### EXERCISE GOAL
Would you print the records below from the first line through the line containing "Personalisierte Vintage Ornamente", skipping the pictures?

─── RECORDS SUPPLIED

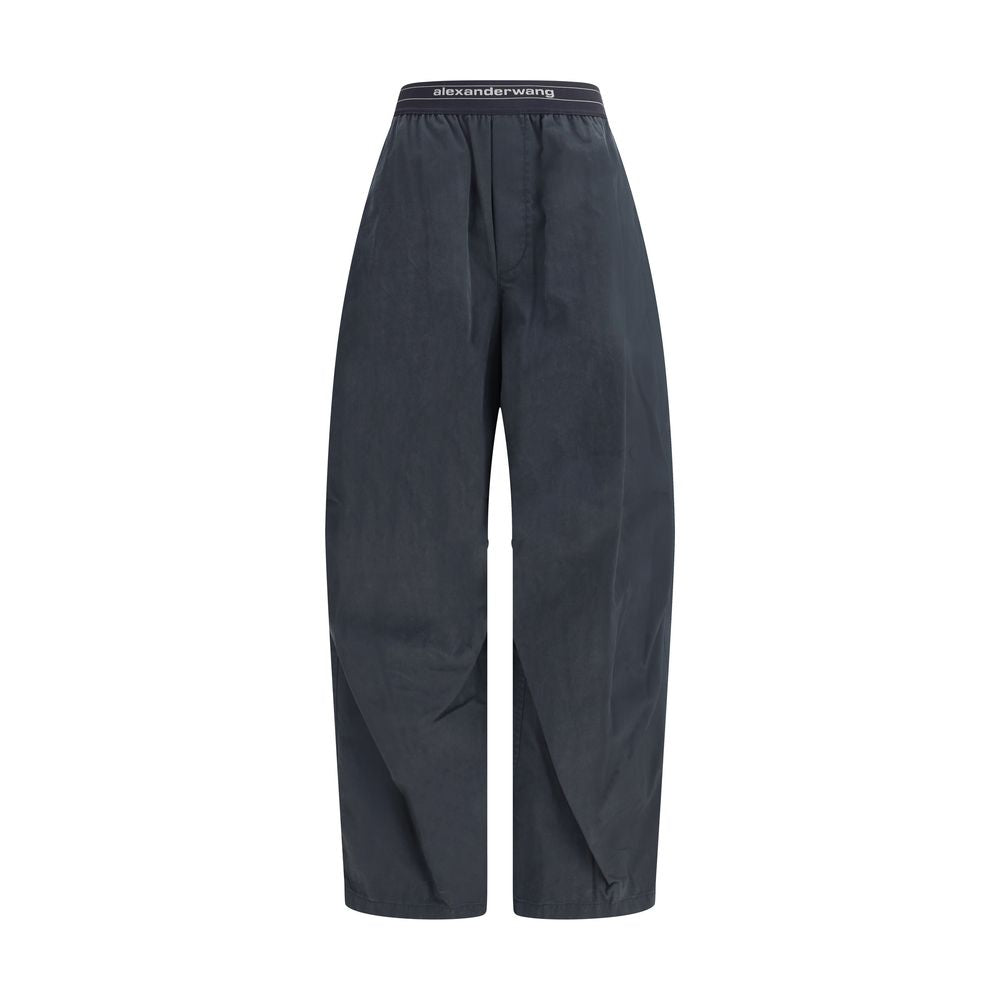 Alexander Wang Trousers with elastic waistband and contrasting jacquard logo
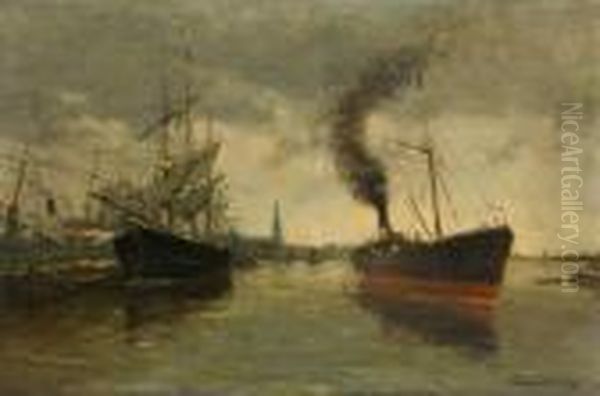 Cargos Mixtes Devant Le Portd'anvers Oil Painting by Frans Courtens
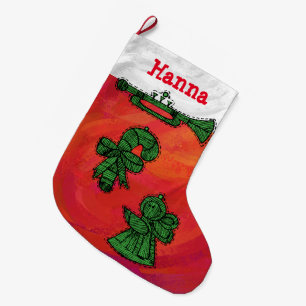 Personalisierte Vintage Ornamente Weihnachten Großer Weihnachtsstrumpf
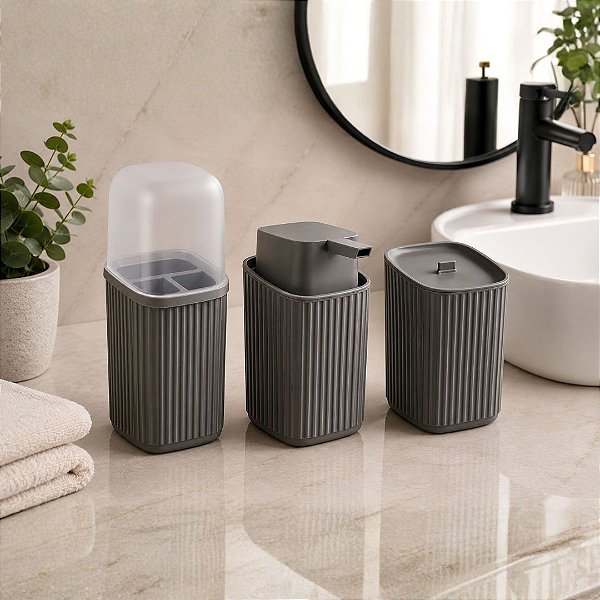 Conjunto para Lavabo Pia Banheiro Cinza Canelado Premium Porta Sabonete, Porta Escovas e Porta Algodão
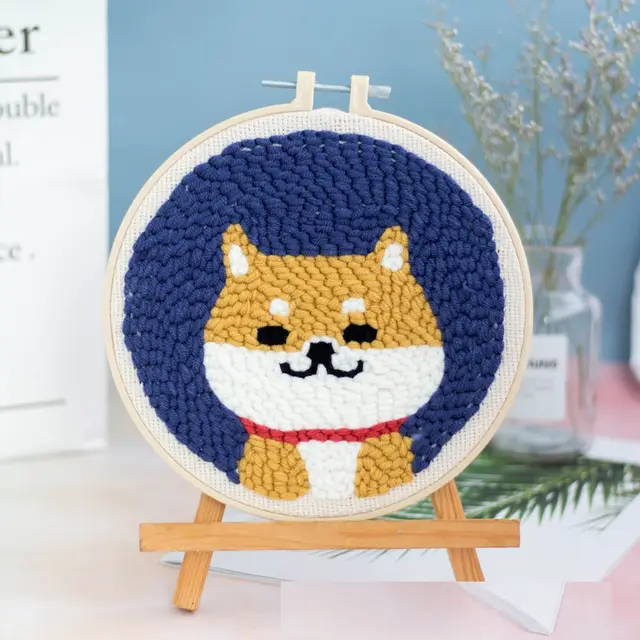 Handmade Diy Woolen Thread Embroidery Kit Vibrato Decompress Russian Poke Embroidery Shiba Inu - Shop at LoveMi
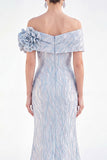 Off the Shoulder Mermaid Golden Maxi Dress with 3D Flowers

──────

### RESULT
 Alexander Wang Trousers with elastic waistband and contrasting jacquard logo
 Cargos Mixtes Devant Le Portd'anvers Oil Painting by Frans Courtens
 Personalisierte Vintage Ornamente Weihnachten Großer Weihnachtsstrumpf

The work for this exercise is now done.